When the flow of hydraulic oil from the upstream side to the downstream side of the check valve 51 becomes less than a predetermined amount (i.e., the differential pressure drops below a predetermined level), the valve body 51a moves to the closed position blocking the flow path connecting the first connection port 57 and the second connection port 58, and then the check valve 51 becomes closed. This prevents the backflow of hydraulic oil from the downstream side of the check valve 51 to the upstream side. FIG. 2 shows a case in which the valve body 51a contacts the valve seat 51c configured between the first connection port 57 and the second connection port 58 and blocks the flow path connecting the first connection port 57 and the second connection port 58 (a case in which check valve 51 is in the closed state).

In the check valve 51, if the flow amount of hydraulic oil from the first connection port 57 to the second connection port 58 is greater than a predetermined amount, the push force of the flowing hydraulic oil to push the valve body 51a in the direction of opening the check valve 51 resists the push force of the spring 51b to push the valve body 51a in the direction of closing the check valve 51 to keep the check valve 51 in an open state, and keep the first connection port 57 and the second connection port 58 in the connected state. As a result, hydraulic oil is allowed to flow from the first connection port 57 to the second connection port 58.

In the check valve 51, if the flow amount of hydraulic oil from the first connection port 57 to the second connection port 58 is less than a predetermined amount, the push force of the spring 51b to push the valve body 51a in the direction of closing the check valve 51 resists the push force of the hydraulic oil trying to flow through the check valve 51 to push the valve body 51a in the direction of opening the check valve 51 and closes the check valve 51 to make the first connection port 57 and the second connection port 58 in a closed state. This prevents the flow of hydraulic oil from the first connection port 57 to the second connection port 58.

The switch valve 52 is a valve mechanism that is normally in the closed state, in which the first connection port 57 and the third connection port 59 are not connected, and switches to the opened state (open state) when the hydraulic pressure in the downstream side first connecting line 11b rises and exceeds the first pressure, to connect the first connection port 57 and the third connection port 59. In addition, the switch valve 52 switches from the open state to the closed state when the hydraulic pressure in the downstream side first connecting line 11b drops below the first return pressure (13.6 MPa as an example), which is lower than the first pressure. Moreover, in this embodiment, when the switch valve 52 is in the open state and the first connection port 57 and the third connection port 59 are connected, the flow amount of hydraulic oil from the upstream side to the downstream side of the check valve 51 becomes less than a predetermined amount, and the check valve 51 is in the closed state.

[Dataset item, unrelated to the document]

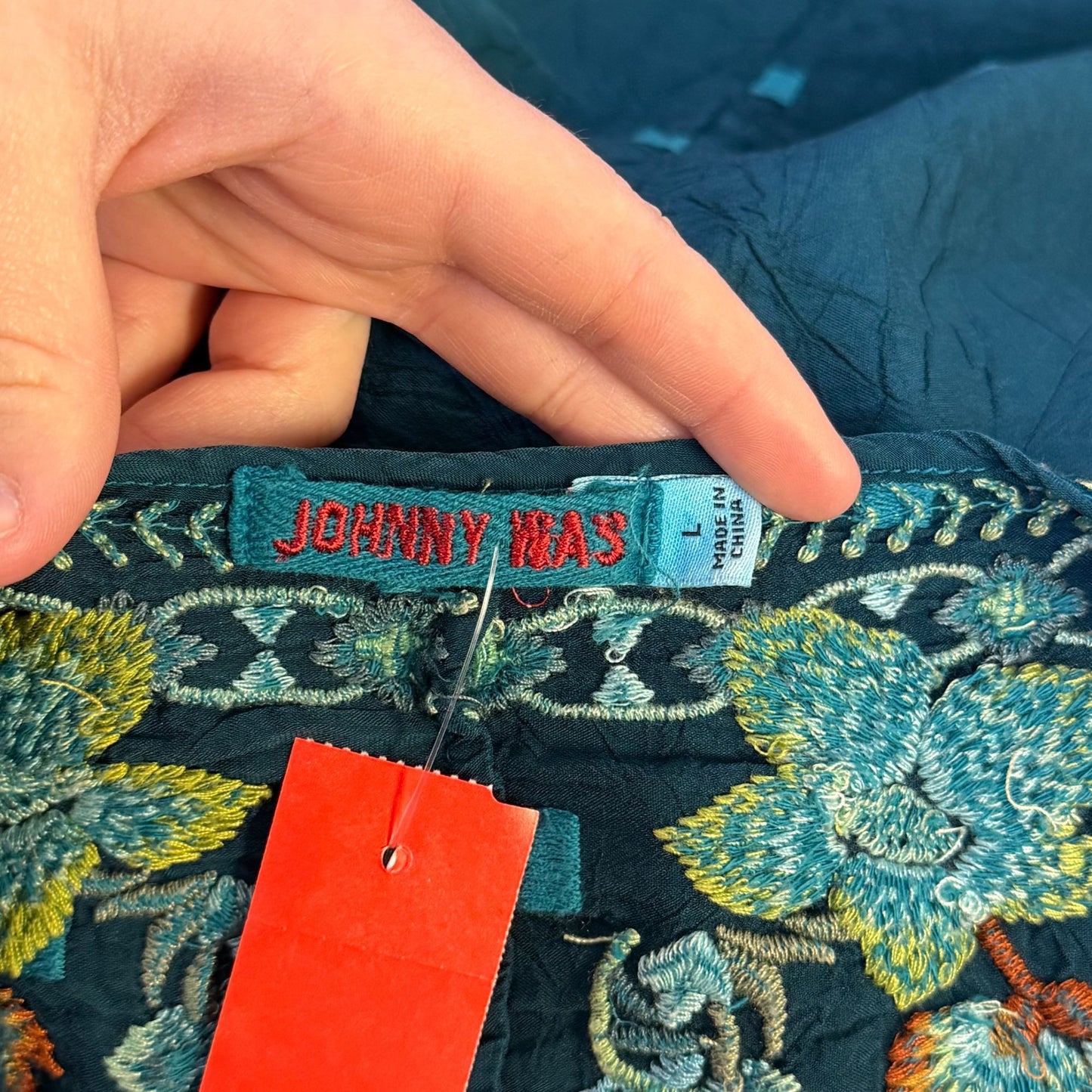 Johnny Was Embroidered Teal Blouse With Floral Details & Long Sleeves L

The switch valve 52 has a cylinder portion 52a connected to the first connection port 57 and the third connection port 59, a piston 52b housed within the cylinder portion 52a, an elastic member, such as a spring 52c, etc., that pushes one end of the piston 52b in the direction of extension of the cylinder portion 52c, and a pressure transmission connecting line 53 connecting the other end of the piston 52b (a side that is far from the spring 52c) in cylinder portion 52a to the first connection port 57. The first connection port 57 is connected to the other end of the piston 52b (a side that is far from the spring 52c) in the cylinder portion 52a. The third connection port 59 is connected to the side of one end of the piston 52b (the side of the spring 52c) in the cylinder portion 52a. In other words, the piston 52b is pushed by the spring 52c from the side of the third connection port 59 to the side of the first connection port 57.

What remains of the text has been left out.